Aber der Wandel der Apotheke primär zur Verkaufsstätte industriell produzierter Heilmittel war unaufhaltsam. Diese Umbildung sinnvoll und effizient zu gestalten fiel in die Zeit von Hildegard Eleftheriadis, die unter Mitarbeit ihres Ehemannes, des Apothekers Aristoteles Eleftheriadis, nach Dr. Ehningers Tod im Jahre 1967 die Linden Apotheke übernahm.
Nun waren Apotheker nach einem vollen akademischen Studium der Chemie, Botanik und Pharmakologie zu Fachleuten für die Wirkweise und alle Anwendungsmöglichkeiten eines ausgezeichneten und vielseitigen Sortiments von Medikamenten ausgebildet worden. Kenntnisse darüber weiterzugeben und durch eine zuverlässige Beratung Möglichkeiten alternativer und preisgünstiger Arzneien aufzuzeigen, in diese Aufgabe wuchs nun die Linden Apotheke hinein.
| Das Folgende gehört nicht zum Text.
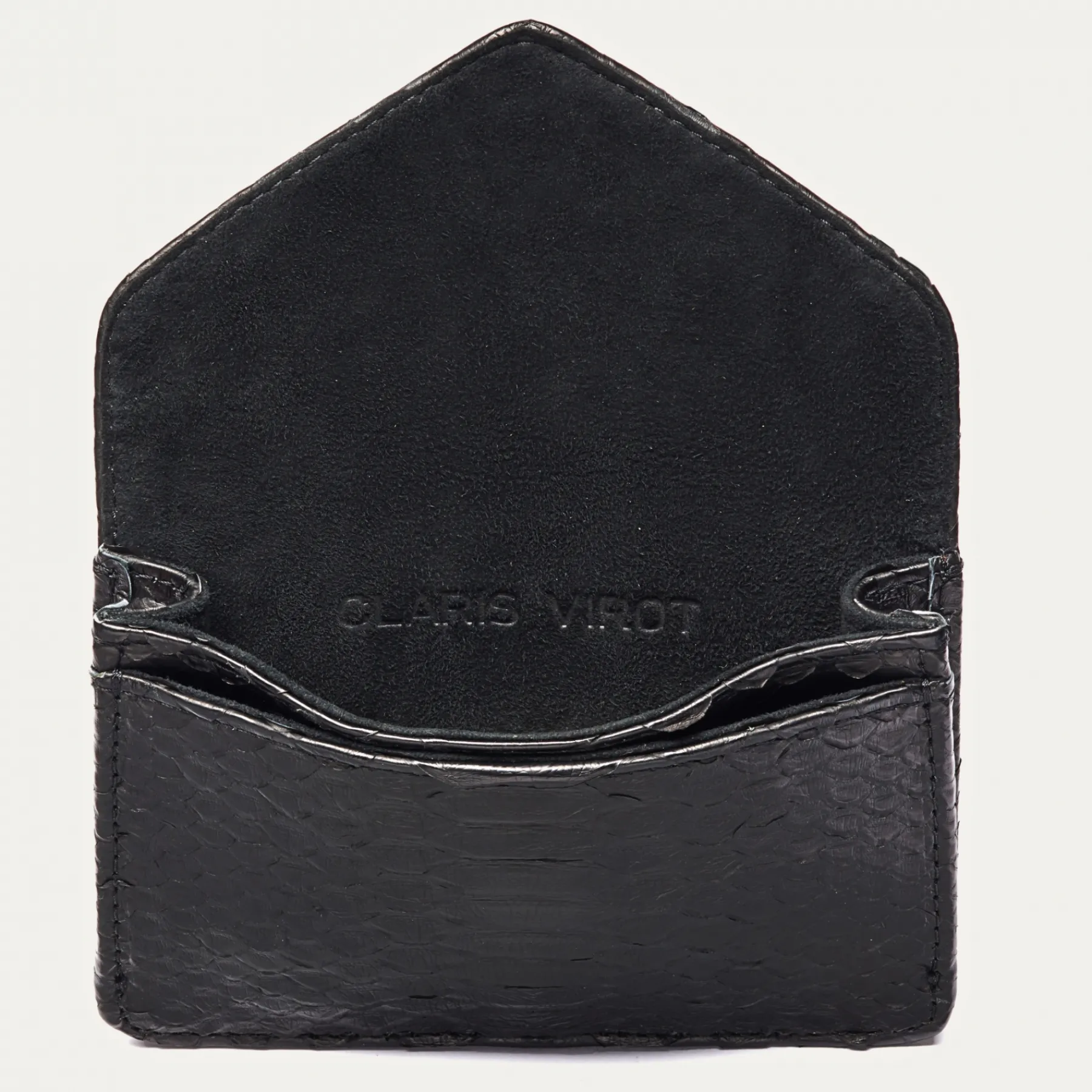 Discount Claris Virot Alex Wallet Black Python Silver Hardware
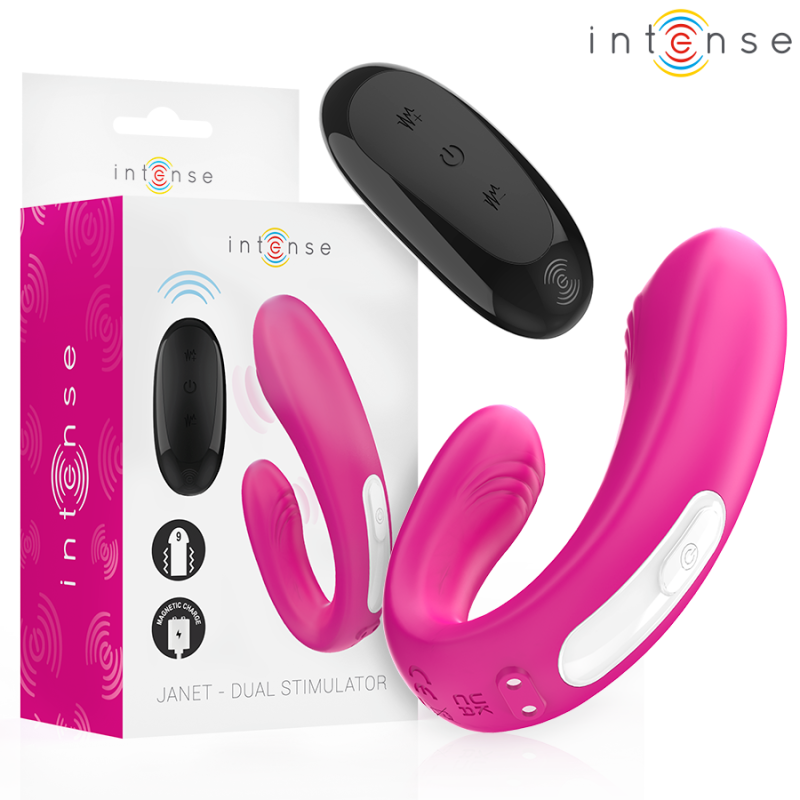 INTENSE | JANET | Διπλός U-Shape Δονητής Με Remote Control - Ροζ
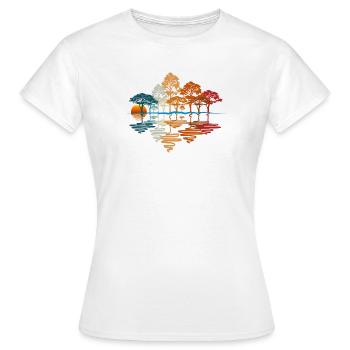 HERBSTWALD, WALD - Frauen T-Shirt - Weiß - Vorne - AI Model Female 172 dark (172cm)
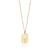 ela rae dog tag initial rolo necklace white zircon 14k yellow gold plate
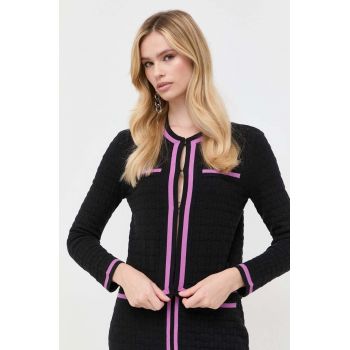 Karl Lagerfeld cardigan femei, culoarea negru, light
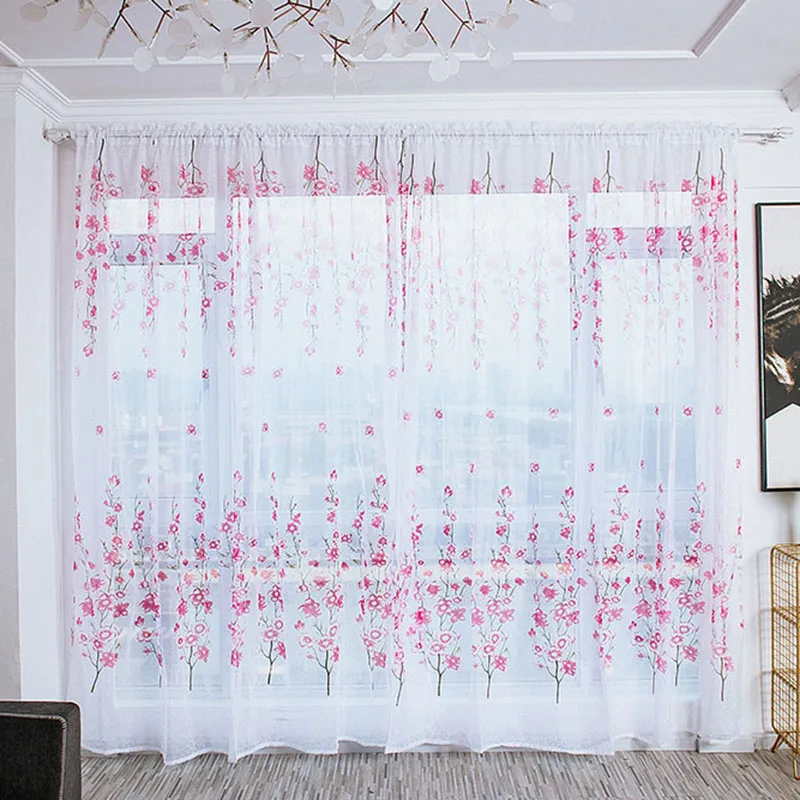 Дверь экран вуаль прозрачные Занавески для окна шторы драпировка спальня занавески s пасторальный персиковый цвет Фон рождественские украшения для дома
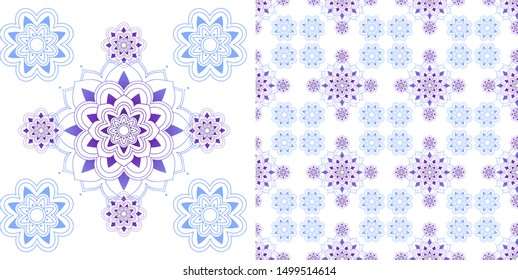Seamless design with colorful mandalas pattern illustration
Nach mehr als 30-jähriger Tätigkeit ging Frau Eleftheriadis 1998 in den Ruhestand. Von ihr übernahm Frau Dorothee Seils als Eigentümerin die Linden Apotheke. Unter ihrer Leitung fand sich inzwischen ein Team von zwei weiteren approbierten Apothekern, einer Pharmazeutisch-Technischen-Assistentin und einer Pharmazeutisch-Kaufmännischen-Angestellten zusammen, die sie als Mitarbeiter gewann.
Welche Aufgaben die neue Apothekenmannschaft sich setzte, nach welcher Philosophie sie das Unternehmen betreibt, ist in der kleinen Schrift nachzulesen, die aus Anlass des hundertjährigen Jubiläums jedem Kunden überreicht werden wird.
Apotheker der Linden-Apotheke:
1912 -1937 Richard Otterbach
1938 -1957 Hugo Knecht
1957 -1967 Dr. Eugen Ehninger
1967 -1998 Hildegard Eleftheriadis
seit 1998 Dorothee Seils
Beitrag, Frau Dorothee Seils
Weitere Infos unter Lindenapotheke-Stuttgart
Fotos, 2 Lindenapotheke, 2 fotogalerie-stuttgart Sabine
Hallo,
es ist schon eine außerordentliche Sache wenn sich die Geschichte einer Institution – und das war eine Apotheke zumindest bis vor einigen Jahrzehnten – lückenlos bis zur Gründung verfolgen lässt.
Allerdings denke ich, dass auch die Ostend – Apotheke ein ähnliches „Alter“ aufweisen dürfte.
Es bleibt zu hoffen, dass die Apotheken auch die Herstellung eigener Arzneimittel weiterhin pflegen, denn sonst mutieren sie vollends zu Arzneimittel-Abgabestellen.